The more advanced options have email triggers and auto-responders. For example, you could automatically send someone an email after they’ve abandoned the shopping cart, increasing the odds they come back and complete the transaction. If you’re creating self-sustaining email lists and engaging with clients primarily via email, you need the more advanced features.
Collect the Necessary Data
Collecting email addresses is only the first step to a successful marketing campaign, but it’s far from enough. You also want to get their key personal and demographic information. Learn their name so you can send personalized messages. Ask about their name, their interests, and their goals so that you can send them relevant content.
If you have a good customer relationship management system, you may already have some of this information based on their purchase history and data collected when they contacted sales or customer support. This is why you can start building your customer email database using the contacts already in your database.
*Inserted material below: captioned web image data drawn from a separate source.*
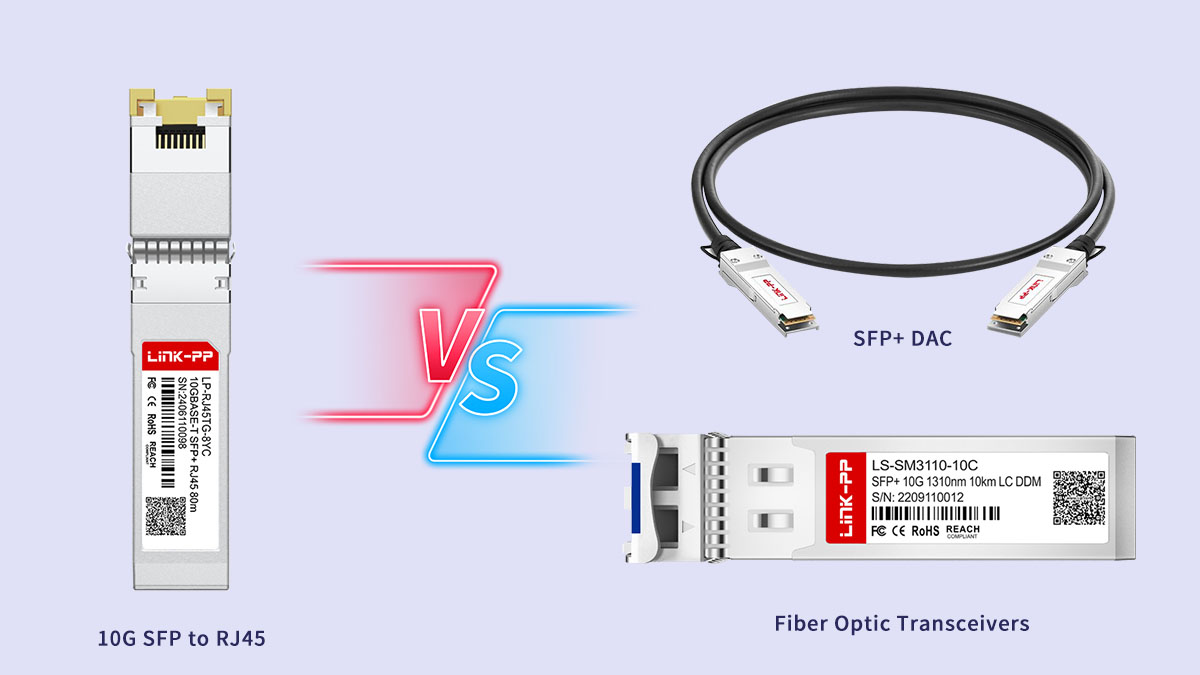 Comparación de SFP de 10G con RJ45 y otras opciones de conectividad 10GbE.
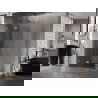 Mexen Lunar T Duschkabine schwenkbar links 120 x 80 cm, transparent, gebürstetes Kupfer - 834T-120-080-65-00-L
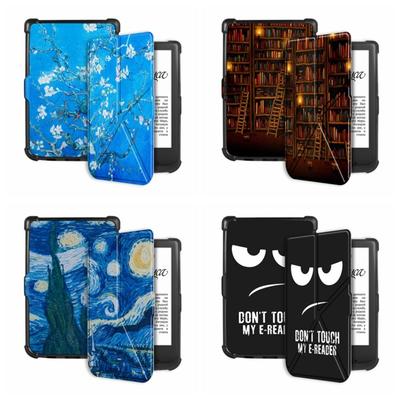 Etui z funkcją Auto Sleep/Wake 6-calowy czytnik e-booków Tylna okładka dla PocketBook Touch Lux 5 4 HD 3 616 627 632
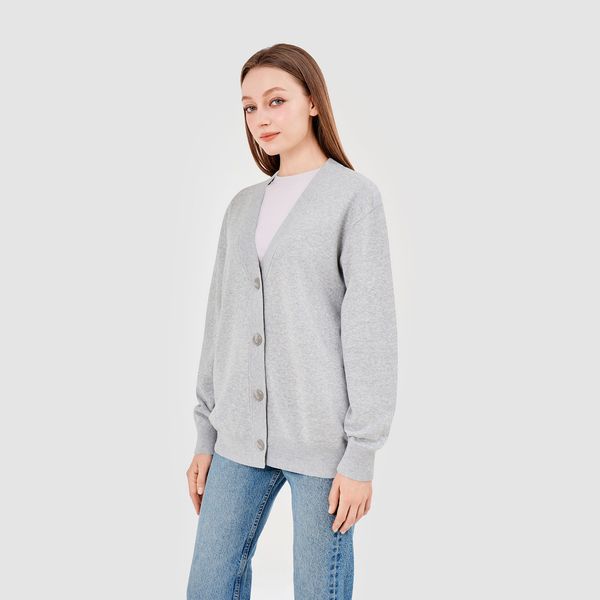 Knitted Cardigan Without Pocket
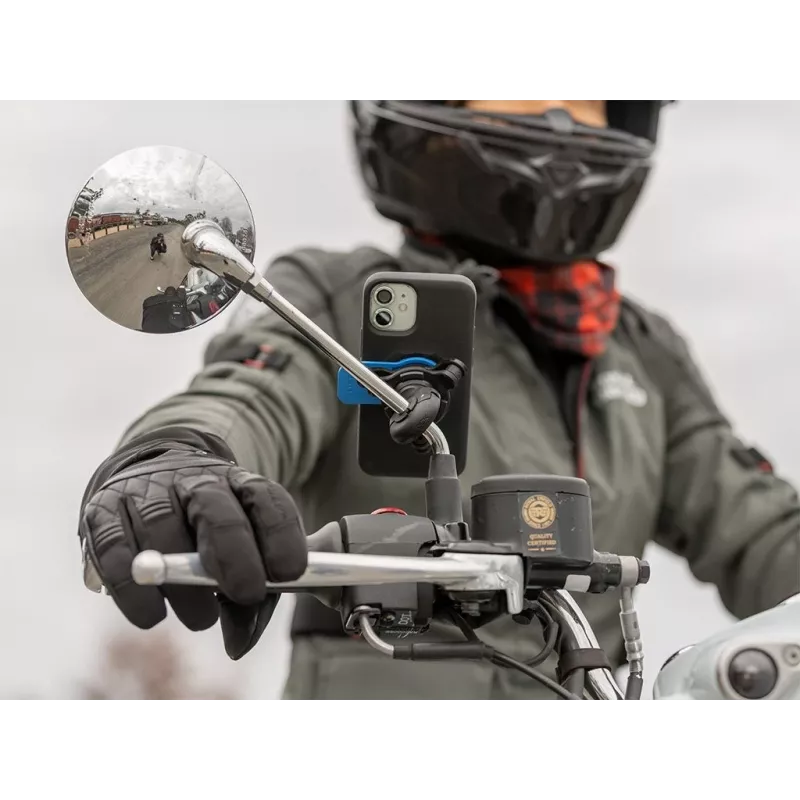 Quad Lock Mirror Mount Pasywny uchwyt Telefon komórkowy/Smartfon Czarny, Niebieski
Consolidate contacts so that everything is in a single database so that everyone is working off the same data set. Don’t have a separate contact management system and eCommerce module, each with their own version of the customer profile including potentially different email addresses.
You should also create useful and usable segments for your email lists. This could be demographic, geographic, or interest-based. Geographic emails are essential to sending emails to people in driving distance to your new store. Use demographic information to send them content that’s relevant to a given age group or in the correct language.
You can take it to the next level by tying customer information to their purchase history. Where is this person in the sales funnel? When did they make their first purchase and their most recent one? How often do they buy from you and how much?
Grow and Maintain Your Email List
Suppose you’ve mined your various databases to create a singular customer email list with related data. A fraction of these email addresses will be stale. Give customers a reason to maintain their email address in your system, such as giving them compelling content. Consider putting a call-to-action button on the bottom of engaging articles so that people sign up to receive the next, related article, and make it easy to subscribe.
You need to give visitors a reason to give you a valid email address. For example, you could give them “gated” assets. You could require them to sign up with a valid email address so that they can receive an industry white paper or coupon codes emailed to them, for instance. On the other hand, you need to reassure them that you’re not going to spam them and avoid accidentally doing so.
Send content as often as they’re interested. Consider asking them if they want emails weekly, biweekly, or monthly, then respect their wishes. For example, you shouldn’t send them 4 emails on the first of the month when they are asked to only be emailed monthly.
Create Your Campaigns
Once you have email lists and the associated customer data, you know that you can send tailored emails to a given audience. Remember that your email needs to be designed to grab their attention and provide value if you want the message to be effective.
This starts with a header that gives them a reason to open it instead of deleting it. Better yet, add a pre-header that will show up in many email applications, giving them additional information. Then there is the body of the email. Give them a reason to read and keep reading. Ideally, you will lead them to click the call to action button or hit a link at the end of the message.
You need to create a new email for every campaign, though these may be based on templates or previously successful marketing emails. Compare the email opening rates and click-through rates to find out which campaigns actually were successful.
A side benefit of using templates is that it ensures you include the opt-out option at the bottom of every message that’s legally required to comply with anti-spam laws. You could add social media links or contact emails in addition to the signature line, too.
If you follow these few simple steps, you should be on your way to building your first successful campaign. Make sure that you always focus on gathering and analyzing data, and fine tune your efforts so that you can consistently do more with less.